Configure Bundles
=================

.. meta::
   :description: How to integrate a Lakehouse Plumber project with Databricks Asset Bundles — initialization, bundle structure, generation, and deployment.

This how-to walks you through wiring an existing Lakehouse Plumber (LHP) project to
:term:`Databricks Asset Bundles <DAB>`: initializing with bundle scaffolding, the file layout LHP
creates, the ``lhp generate`` → bundle YAML flow, environment overrides, and the
``databricks bundle deploy`` invocation.

Bundle integration is **enabled by default** for new LHP projects. The text below
documents the integration knobs LHP exposes. For a Databricks-level introduction to
Asset Bundles, see the Databricks documentation.

Initialize a bundle-enabled project
-----------------------------------

Run ``lhp init`` without any bundle flag. Bundle scaffolding is created by default:

.. code-block:: bash

   lhp init my_data_platform
   cd my_data_platform

To create a project **without** bundle scaffolding, pass ``--no-bundle``:

.. code-block:: bash

   lhp init my_data_platform --no-bundle

There is no ``--bundle`` flag.
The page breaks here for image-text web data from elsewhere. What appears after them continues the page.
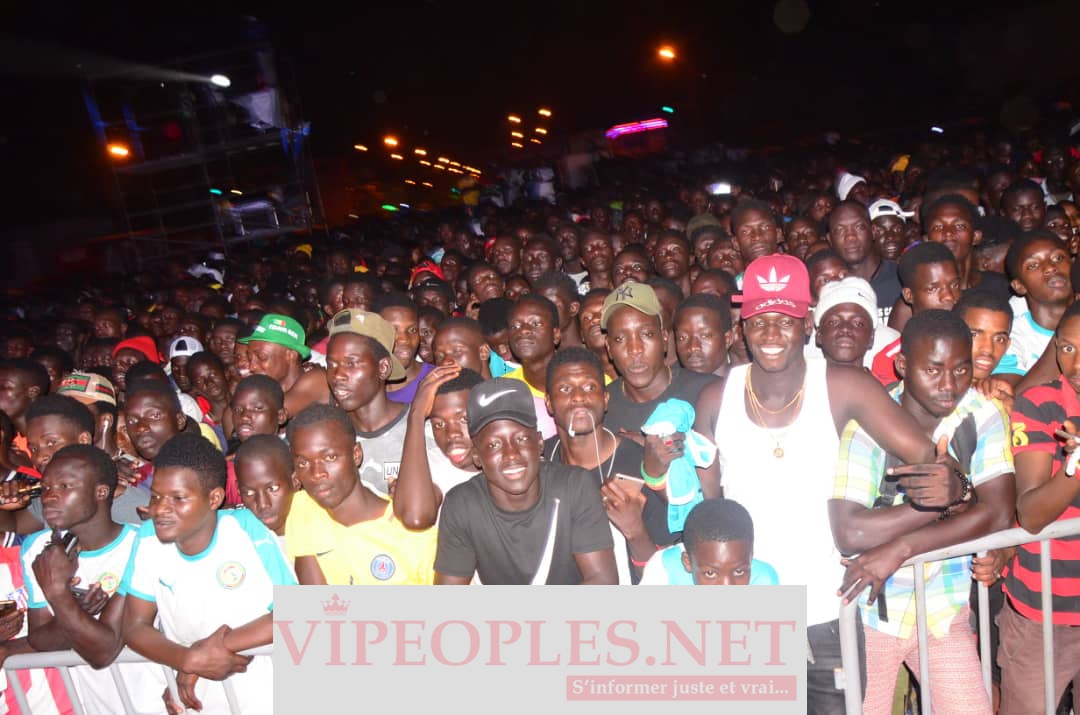 Concert Fan Zone avec Wally Seck, la place de la nation inondait de monde après la victoire du Sénégal face à l'Ouganda.
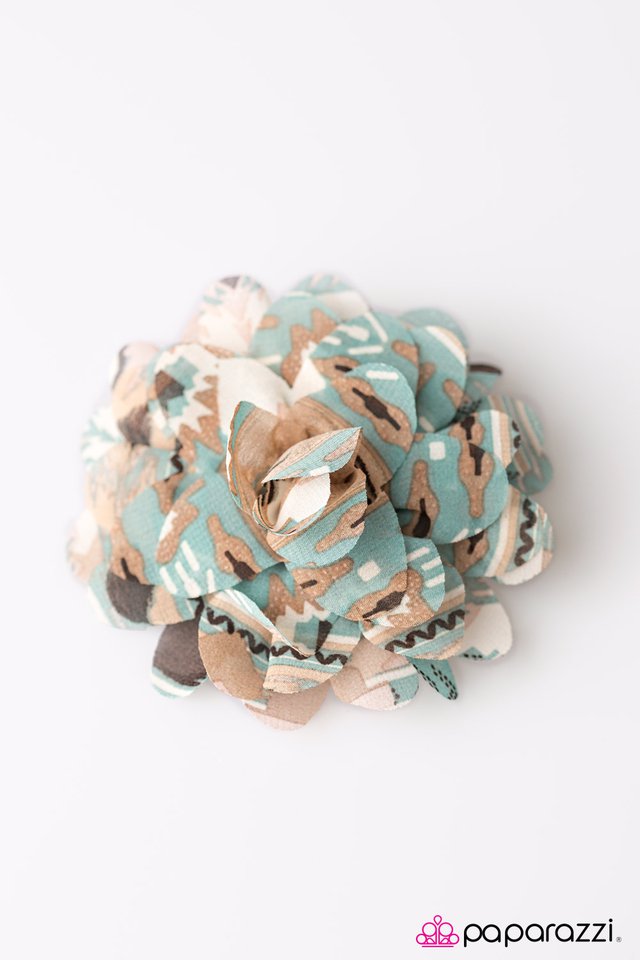 Paparazzi ♥ Petals On The Wind - Blue ♥ Hair Clip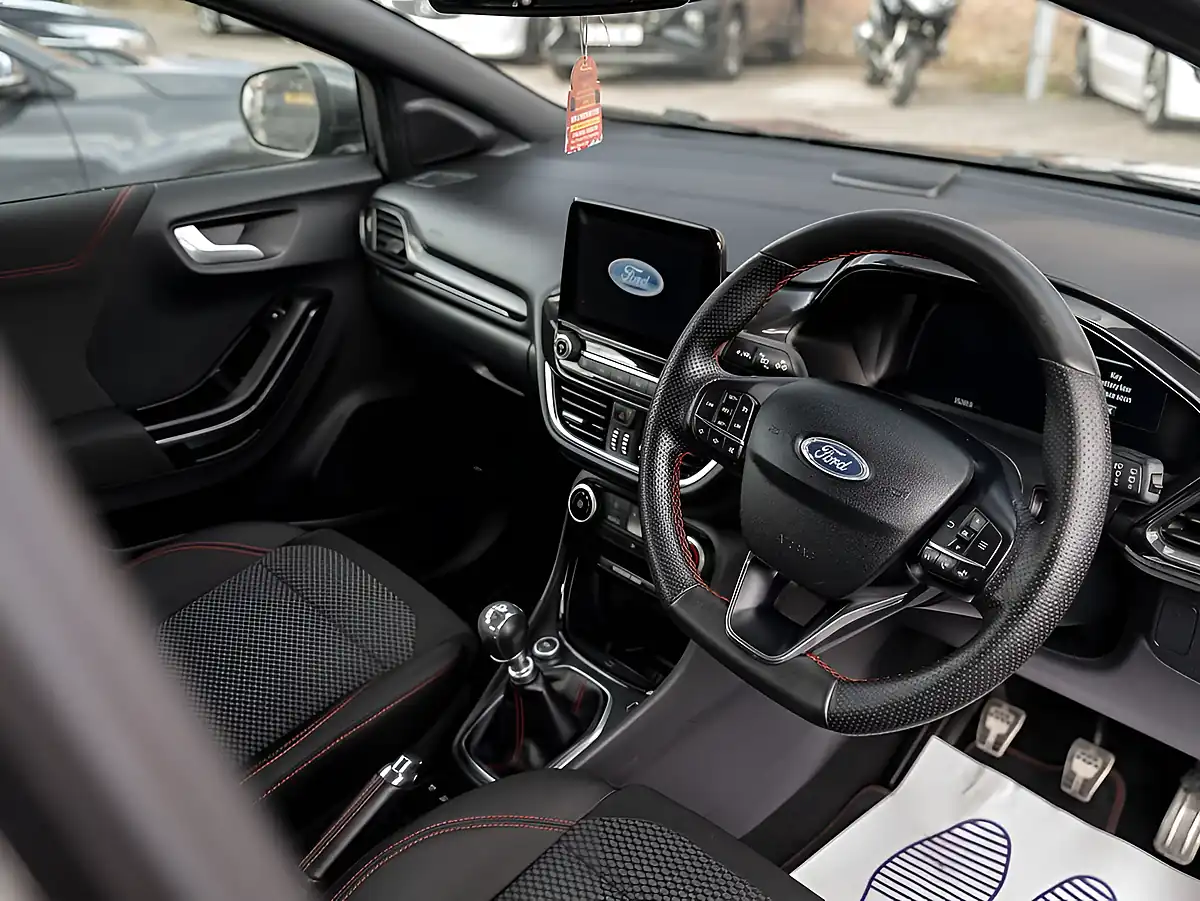 Used 2020 Ford Puma ST-Line Grey - Interior and Exterior details 2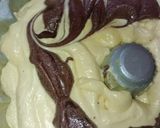 Foto langkah ke 6 dari resep Marmer Brownies Cake.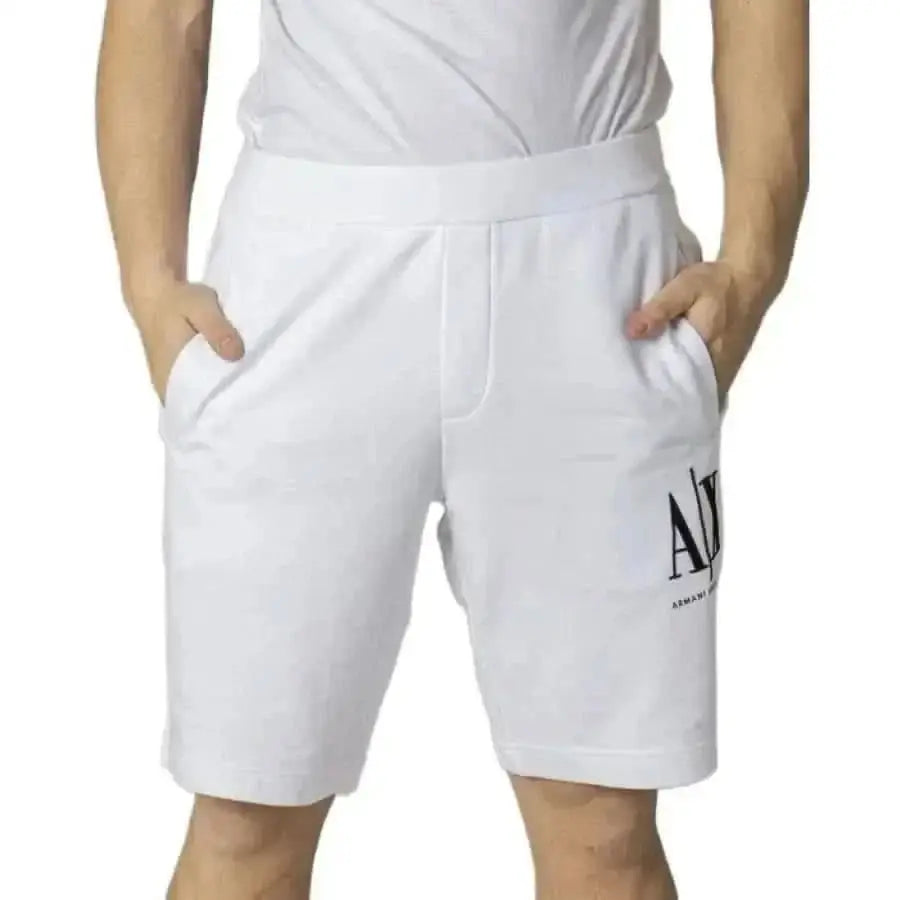 Blanc Armani Exchange short de sport avec logo Armani Exchange Hommes Shorts gamme de produits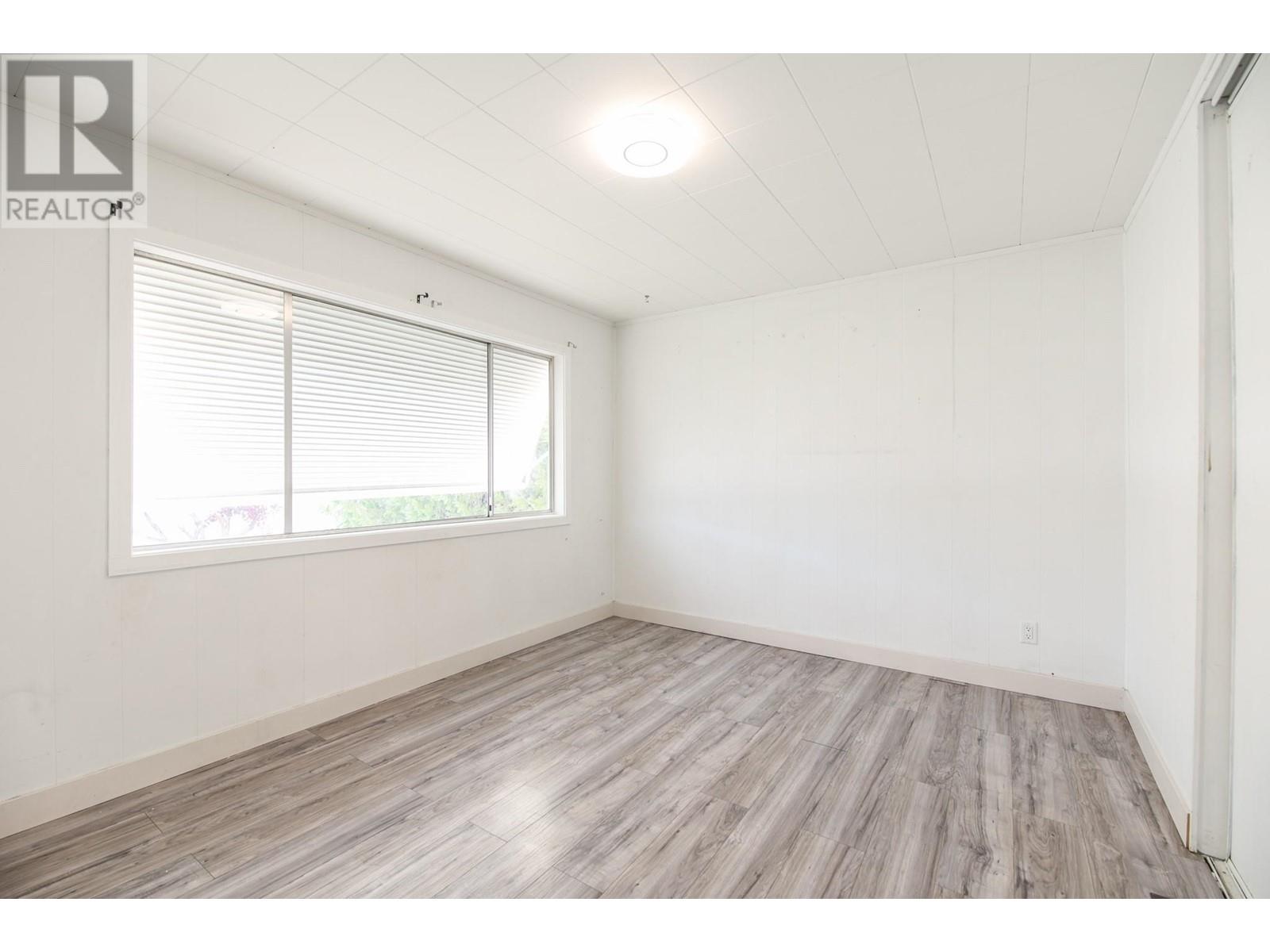  8009 87th Street, Osoyoos
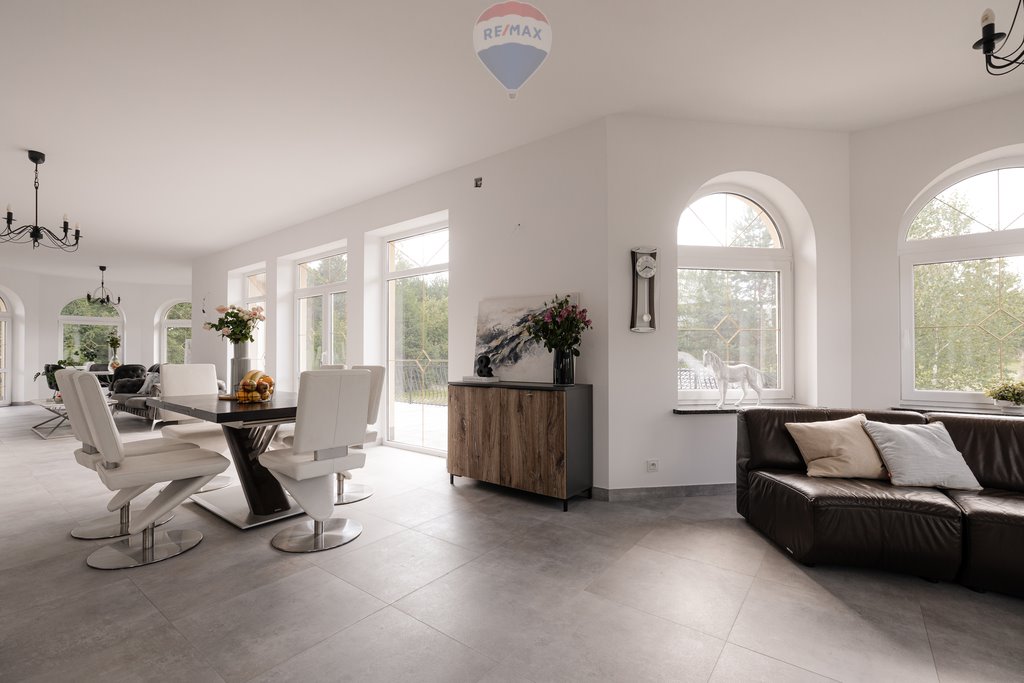 Luksusowa willa 454 m² z dużą działką i potencjałem inwestycyjnym Tenczynek, Łąkowa  455m2 Foto 1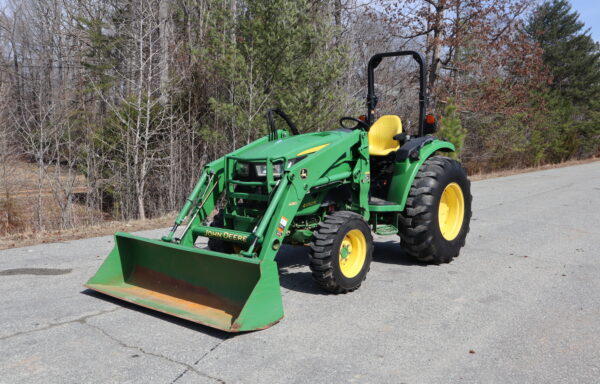 2015 John Deere 4052R Tractor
Opt out only — bundle is on by default.

What LHP creates
----------------

``lhp init`` with bundle support writes two bundle-specific artifacts at the project
root:

``databricks.yml``
   The top-level bundle definition. LHP pre-fills ``bundle.name``, ``bundle.uuid``,
   an ``include`` block, and three ``targets``: ``dev``, ``tst``, and ``prod``.
   Each target has a placeholder ``workspace.host`` you must edit.

``resources/lhp/``
   The directory LHP owns. Every pipeline you define under ``pipelines/`` produces
   one ``<pipeline_name>.pipeline.yml`` file here, regenerated on each
   ``lhp generate`` run.

LHP only writes inside ``resources/lhp/``. Hand-written bundle resource files
(jobs, dashboards, secret scopes, schemas) belong under ``resources/`` directly —
LHP never touches them. The default ``include`` block in ``databricks.yml`` picks
up both directories::

   include:
     - resources/*.yml
     - resources/lhp/*.yml

Edit ``databricks.yml``
-----------------------

Open ``databricks.yml`` and replace the ``<databricks_host>`` placeholder in each
target with your workspace URL. The generated targets look like this:

.. code-block:: yaml
   :caption: databricks.yml (excerpt)

   targets:
     dev:
       mode: development
       default: true
       workspace:
         host: https://your-dev-workspace.cloud.databricks.com
         root_path: ~/.bundle/${bundle.name}/${bundle.target}

     prod:
       mode: production
       workspace:
         host: https://your-prod-workspace.cloud.databricks.com
         root_path: /Workspace/<code_location>/.bundle/${bundle.name}/${bundle.target}
       run_as:
         service_principal_name: <service_principal_id>

.. note::
   Target names in ``databricks.yml`` MUST match the substitution file names under
   ``substitutions/``. If a target ``tst`` exists in ``databricks.yml``, a file
   ``substitutions/tst.yaml`` must exist too. LHP rejects mismatches.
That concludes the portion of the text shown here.